The Rust Goddess Changes Her Venue
by Jan Worth-Nelson
It was out on the highway,
the “scenic route”
men always want to take
when they miss their brothers and
want their youth back bad.
A strip of junk yards full of things
men throw away and then love,
spare parts – where they touch
what their fathers loved before them.
They always look out there
for ways to explain the geezer patriarchs –
ghosts of those names hanging over their heads:
Impala, Bel Air, Monte Carlo, Chevelle.
Of course there’s physics to explain it,
but I’m going to say the entropy is manmade, boys.
I’ve noticed you love most
what you ruin and ruin what you love,
grinning stupidly while that chassis
rusts away beneath you.
Let your junkyards overarch you,
oxidize your armor off, let the weather sting you
through ruptured sacristies of steel.
I’ve had enough of this religion.
It’s only eating you up,
swarming you with failed grand gestures,
gored plugs,long abandoned fins, milled cams,
repossessions, semen-stained naugahyde
and accidental pregnancies,
curses over not having the right wrench,
the crunch of boozed-up fatality,
a dumb death at 2 a.m. on some deserted two-lane.
I know you love these wrecks
like your own bad selves.
When I wanted you more than dignity
I used to romp back seats with you and yours
but I’m done, and not because
my back can’t take it.
The compost is my heap now,
where at least the shit has a chance to steam
into something else: ripe tomatoes, an iris.

An Ohio native, Jan Worth-Nelson is a writing teacher and director of the Thompson Center for Learning and Teaching at the University of Michigan – Flint.
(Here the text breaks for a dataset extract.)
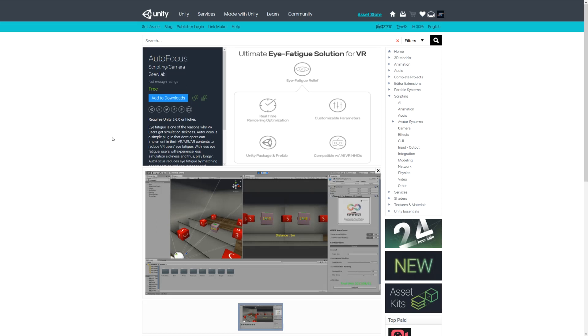This tries to negate that effect by doing some special calculations and allowing you to adjust settings accordingly to avoid these particular things. If that's something you're looking to minimize, give this asset a go.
A former Peace Corps volunteer to Tonga, she based her novel Night Blind on a murder that occurred there. She commutes between Flint and Los Angeles with her husband. And she very much appreciates the family story that she was conceived in a parsonage in Cleveland on a Saturday night when the racket from a bowling alley across the street was keeping her preacher father awake.